Available data START

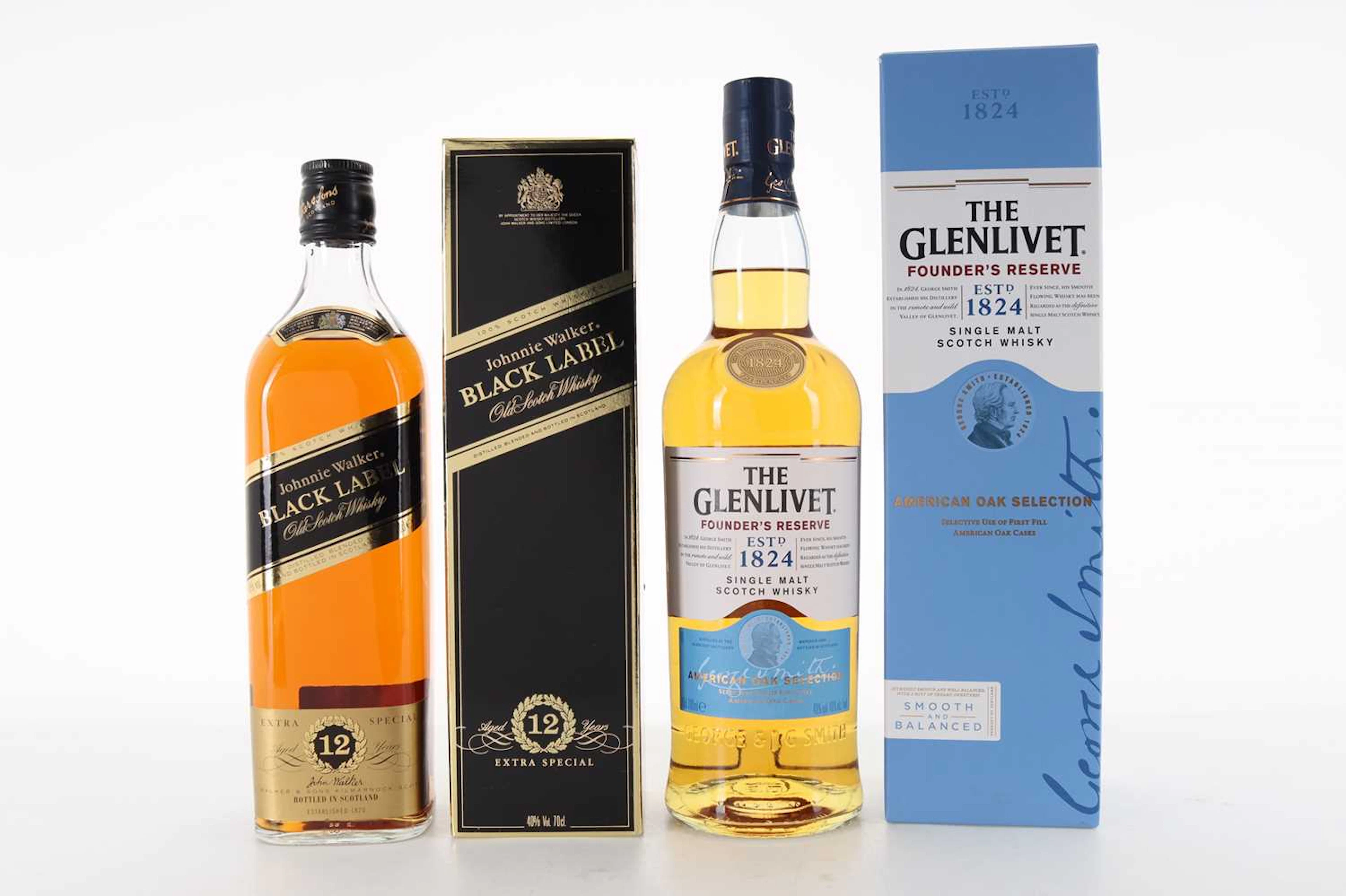 GLENLIVET FOUNDER'S RESERVE AND JOHNNIE WALKER 12 YEAR OLD BLACK LABEL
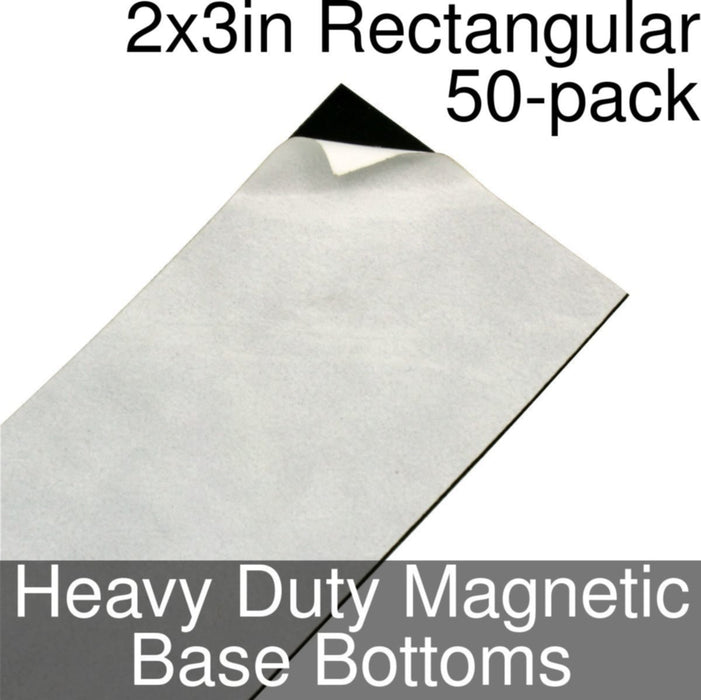 Miniature Base Bottoms, Rectangular, 2x3inch, Heavy Duty Magnet (50) - LITKO Game Accessories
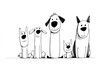 © Salander Studio - group of funny dogs - black and white line art illustration created using generative AI tools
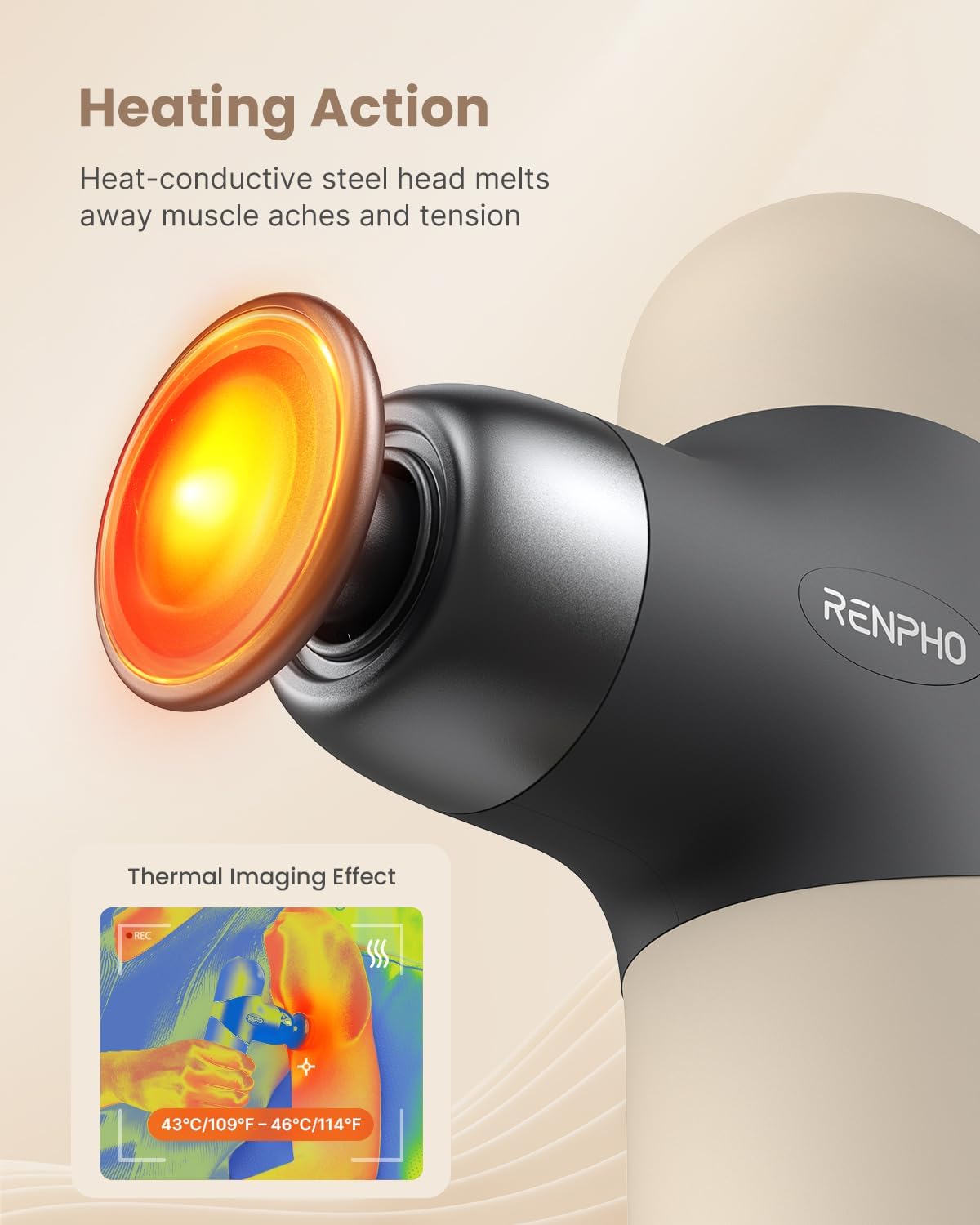RENPHO Mini Thermal Massager with Heat, FSA HSA Eligible Portable Deep Tissue Percussion Massager, Grey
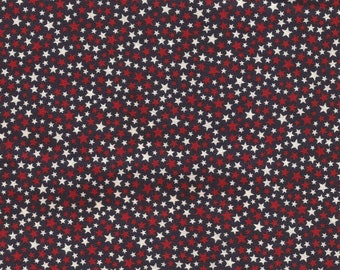 Blue Red and White Tiny Star Print Cotton Fabric / 1 Yard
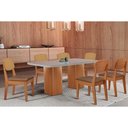 Ver imagem 1 de Conjunto: Mesa Sala Jantar Maldivas Curvo 180cm + 6 Cadeiras Havana Naturale/off White - Corano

Available data END

» **What you need to do**: Take the line that contains "Miniature Base Bottoms, Rectangular, 2x3inch, Heavy" and every line after it up to the end of the records above, and restate them exactly, without the pictures.

» **Response for this exercise**:
 Miniature Base Bottoms, Rectangular, 2x3inch, Heavy Duty Magnet (50) - LITKO Game Accessories
 © Salander Studio - group of funny dogs - black and white line art illustration created using generative AI tools
RENPHO Mini Thermal Massager with Heat, FSA HSA Eligible Portable Deep Tissue Percussion Massager, Grey
 Blue Red and White Tiny Star Print Cotton Fabric / 1 Yard
 Ver imagem 1 de Conjunto: Mesa Sala Jantar Maldivas Curvo 180cm + 6 Cadeiras Havana Naturale/off White - Corano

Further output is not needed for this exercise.